How to resize K8s cluster with kops, cluster-autoscaler to dynamically increase Masters - amazon-web-services

We have configured Kubernetes cluster on EC2 machines in our AWS account using kops tool (https://github.com/kubernetes/kops) and based on AWS posts (https://aws.amazon.com/blogs/compute/kubernetes-clusters-aws-kops/) as well as other resources.
We want to setup a K8s cluster of master and slaves such that:
It will automatically resize (both masters as well as nodes/slaves) based on system load.
Runs in Multi-AZ mode i.e. at least one master and one slave in every AZ (availability zone) in the same region for e.g. us-east-1a, us-east-1b, us-east-1c and so on.
We tried to configure the cluster in the following ways to achieve the above.
Created K8s cluster on AWS EC2 machines using kops this below configuration: node count=3, master count=3, zones=us-east-1c, us-east-1b, us-east-1a. We observed that a K8s cluster was created with 3 Master & 3 Slave Nodes. Each of the master and slave server was in each of the 3 AZ’s.
Then we tried to resize the Nodes/slaves in the cluster using (https://github.com/kubernetes/autoscaler/blob/master/cluster-autoscaler/cloudprovider/aws/examples/cluster-autoscaler-run-on-master.yaml). We set the node_asg_min to 3 and node_asg_max to 5. When we increased the workload on the slaves such that auto scale policy was triggered, we saw that additional (after the default 3 created during setup) slave nodes were spawned, and they did join the cluster in various AZ’s. This worked as expected. There is no question here.
We also wanted to set up the cluster such that the number of masters increases based on system load. Is there some way to achieve this?

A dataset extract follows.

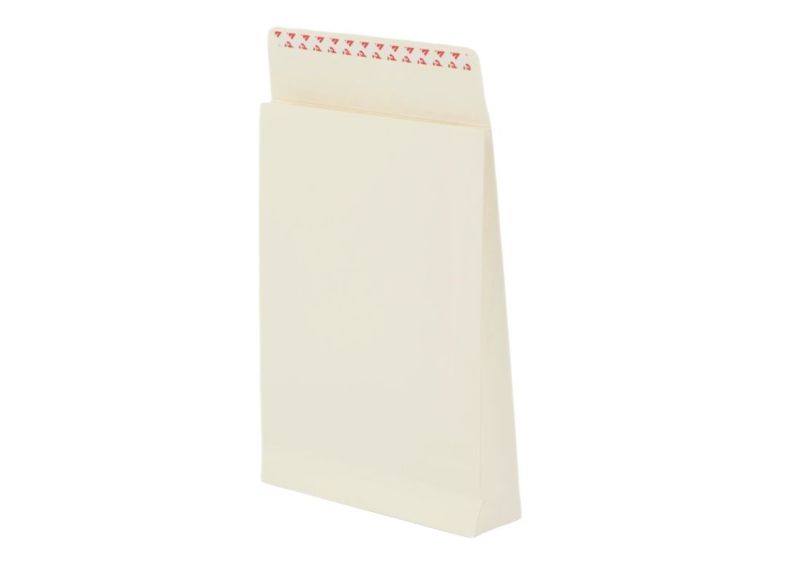 Koperta kartonowa Neopak 320x450x80mm Kość Słoniowa 220g 10 szt.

We tried a couple of approaches and results are shared below:
A) We were not sure if the cluster-auto scaler helps here, but nevertheless tried to resize the Masters in the cluster using (https://github.com/kubernetes/autoscaler/blob/master/cluster-autoscaler/cloudprovider/aws/examples/cluster-autoscaler-run-on-master.yaml). This is useful while creating a new cluster but was not useful to resize the number of masters in an existing cluster. We did not find a parameter to specify node_asg_min, node_asg_max for Master the way it is present for slave Nodes. Is there some way to achieve this?
B) We increased the count MIN from 1 to 3 in ASG (auto-scaling group), associated with one the three IG (instance group) for each master. We found that new instances were created. However, they did not join the master cluster. Is there some way to achieve this?
Could you please point us to steps, resources on how to do this correctly so that we could configure the number of masters to automatically resize based on system load and is in Multi-AZ mode?
Kind regards,
Shashi

There is no need to scale Master nodes.
Master components provide the cluster’s control plane. Master components make global decisions about the cluster (for example, scheduling), and detecting and responding to cluster events (starting up a new pod when a replication controller’s ‘replicas’ field is unsatisfied).
Master components can be run on any machine in the cluster. However, for simplicity, set up scripts typically start all master components on the same machine, and do not run user containers on this machine. See Building High-Availability Clusters for an example multi-master-VM setup.
Master node consists of the following components:
kube-apiserver
Component on the master that exposes the Kubernetes API. It is the front-end for the Kubernetes control plane.
etcd
Consistent and highly-available key value store used as Kubernetes’ backing store for all cluster data.
kube-scheduler
Component on the master that watches newly created pods that have no node assigned, and selects a node for them to run on.
kube-controller-manager
Component on the master that runs controllers.
cloud-controller-manager
runs controllers that interact with the underlying cloud providers. The cloud-controller-manager binary is an alpha feature introduced in Kubernetes release 1.6.
For more detailed explanation please read the Kubernetes Components docs.
Also if You are thinking about HA, you can read about Creating Highly Available Clusters with kubeadm

I think your assumption is that similar to kubernetes nodes, masters devide the work between eachother. That is not the case, because the main tasks of masters is to have consensus between each other. This is done with etcd which is a distributed key value store. The problem maintaining such a store is easy for 1 machine but gets harder the more machines you add.
The advantage of adding masters is being able to survive more master failures at the cost of having to make all masters fatter (more CPU/RAM....) so that they perform well enough.

Related

Is it possible to use Kubernetes Cluster Autoscaler to scale nodes if number of nodes hit a threshold?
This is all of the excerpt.